### RECORDS FOR THE TASK

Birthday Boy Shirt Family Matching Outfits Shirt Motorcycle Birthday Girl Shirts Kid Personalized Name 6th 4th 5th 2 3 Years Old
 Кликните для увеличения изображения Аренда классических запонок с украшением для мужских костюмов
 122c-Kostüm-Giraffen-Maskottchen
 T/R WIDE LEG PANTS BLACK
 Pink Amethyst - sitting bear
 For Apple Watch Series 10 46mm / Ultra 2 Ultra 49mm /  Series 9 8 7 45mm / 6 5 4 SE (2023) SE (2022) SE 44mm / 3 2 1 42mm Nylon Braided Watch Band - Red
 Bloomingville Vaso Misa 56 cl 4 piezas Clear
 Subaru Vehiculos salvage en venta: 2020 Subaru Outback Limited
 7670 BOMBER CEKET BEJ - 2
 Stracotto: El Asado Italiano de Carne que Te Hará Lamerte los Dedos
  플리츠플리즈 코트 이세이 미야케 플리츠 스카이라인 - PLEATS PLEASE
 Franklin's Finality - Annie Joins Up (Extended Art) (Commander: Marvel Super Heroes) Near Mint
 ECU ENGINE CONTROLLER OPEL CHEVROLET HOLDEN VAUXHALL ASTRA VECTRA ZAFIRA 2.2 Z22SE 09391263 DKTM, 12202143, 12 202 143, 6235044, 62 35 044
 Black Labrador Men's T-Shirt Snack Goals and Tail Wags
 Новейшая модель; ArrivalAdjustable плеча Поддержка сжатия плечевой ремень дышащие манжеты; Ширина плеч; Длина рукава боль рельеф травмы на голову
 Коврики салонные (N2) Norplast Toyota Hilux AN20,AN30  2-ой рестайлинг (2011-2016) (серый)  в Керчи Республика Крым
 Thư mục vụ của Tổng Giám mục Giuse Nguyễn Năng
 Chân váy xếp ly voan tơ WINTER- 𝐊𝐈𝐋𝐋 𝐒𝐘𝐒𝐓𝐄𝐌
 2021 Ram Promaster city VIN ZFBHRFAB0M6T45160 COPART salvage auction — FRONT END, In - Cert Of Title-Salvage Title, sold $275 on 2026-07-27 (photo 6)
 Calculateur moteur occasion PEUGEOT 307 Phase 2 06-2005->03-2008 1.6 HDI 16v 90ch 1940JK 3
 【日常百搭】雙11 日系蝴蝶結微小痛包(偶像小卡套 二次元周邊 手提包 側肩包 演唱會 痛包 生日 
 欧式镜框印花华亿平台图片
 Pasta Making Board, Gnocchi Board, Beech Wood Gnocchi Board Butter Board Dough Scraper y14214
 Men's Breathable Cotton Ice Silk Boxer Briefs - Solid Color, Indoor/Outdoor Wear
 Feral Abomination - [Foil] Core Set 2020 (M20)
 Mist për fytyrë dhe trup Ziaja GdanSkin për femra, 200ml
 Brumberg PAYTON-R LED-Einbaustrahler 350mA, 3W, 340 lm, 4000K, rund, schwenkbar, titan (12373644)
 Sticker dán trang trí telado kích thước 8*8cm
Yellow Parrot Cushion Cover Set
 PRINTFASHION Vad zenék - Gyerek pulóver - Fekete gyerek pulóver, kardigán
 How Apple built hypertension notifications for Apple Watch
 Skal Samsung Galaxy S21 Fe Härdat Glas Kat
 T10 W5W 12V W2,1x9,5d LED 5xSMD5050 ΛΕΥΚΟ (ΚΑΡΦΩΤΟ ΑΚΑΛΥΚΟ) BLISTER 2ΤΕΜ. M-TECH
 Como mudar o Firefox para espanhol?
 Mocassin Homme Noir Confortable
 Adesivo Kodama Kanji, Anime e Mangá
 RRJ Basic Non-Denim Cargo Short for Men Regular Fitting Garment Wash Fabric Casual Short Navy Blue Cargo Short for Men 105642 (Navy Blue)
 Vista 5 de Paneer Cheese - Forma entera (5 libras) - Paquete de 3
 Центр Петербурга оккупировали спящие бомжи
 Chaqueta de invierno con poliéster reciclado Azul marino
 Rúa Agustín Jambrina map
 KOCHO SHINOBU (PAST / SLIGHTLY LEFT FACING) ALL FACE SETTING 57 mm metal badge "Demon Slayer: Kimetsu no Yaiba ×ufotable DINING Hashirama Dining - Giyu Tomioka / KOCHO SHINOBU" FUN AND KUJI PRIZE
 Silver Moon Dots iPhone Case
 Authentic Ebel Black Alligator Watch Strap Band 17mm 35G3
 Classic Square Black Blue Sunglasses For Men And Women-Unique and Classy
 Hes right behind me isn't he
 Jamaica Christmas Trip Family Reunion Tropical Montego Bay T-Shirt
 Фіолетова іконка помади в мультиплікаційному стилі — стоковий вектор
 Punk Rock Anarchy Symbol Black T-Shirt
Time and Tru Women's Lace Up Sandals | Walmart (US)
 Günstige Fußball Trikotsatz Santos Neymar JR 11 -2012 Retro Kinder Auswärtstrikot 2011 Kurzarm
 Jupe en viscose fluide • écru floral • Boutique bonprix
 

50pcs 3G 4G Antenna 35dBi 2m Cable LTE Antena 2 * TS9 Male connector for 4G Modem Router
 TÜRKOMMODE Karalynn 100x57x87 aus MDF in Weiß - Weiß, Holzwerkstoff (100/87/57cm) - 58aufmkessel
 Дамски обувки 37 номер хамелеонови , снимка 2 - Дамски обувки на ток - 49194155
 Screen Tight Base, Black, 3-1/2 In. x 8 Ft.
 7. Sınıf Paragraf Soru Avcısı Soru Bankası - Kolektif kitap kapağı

######

EXERCISE PROMPT - Each line of the entries above that includes the string "salvage" should be copied out.

FINISHED EXERCISE -
 Subaru Vehiculos salvage en venta: 2020 Subaru Outback Limited
 2021 Ram Promaster city VIN ZFBHRFAB0M6T45160 COPART salvage auction — FRONT END, In - Cert Of Title-Salvage Title, sold $275 on 2026-07-27 (photo 6)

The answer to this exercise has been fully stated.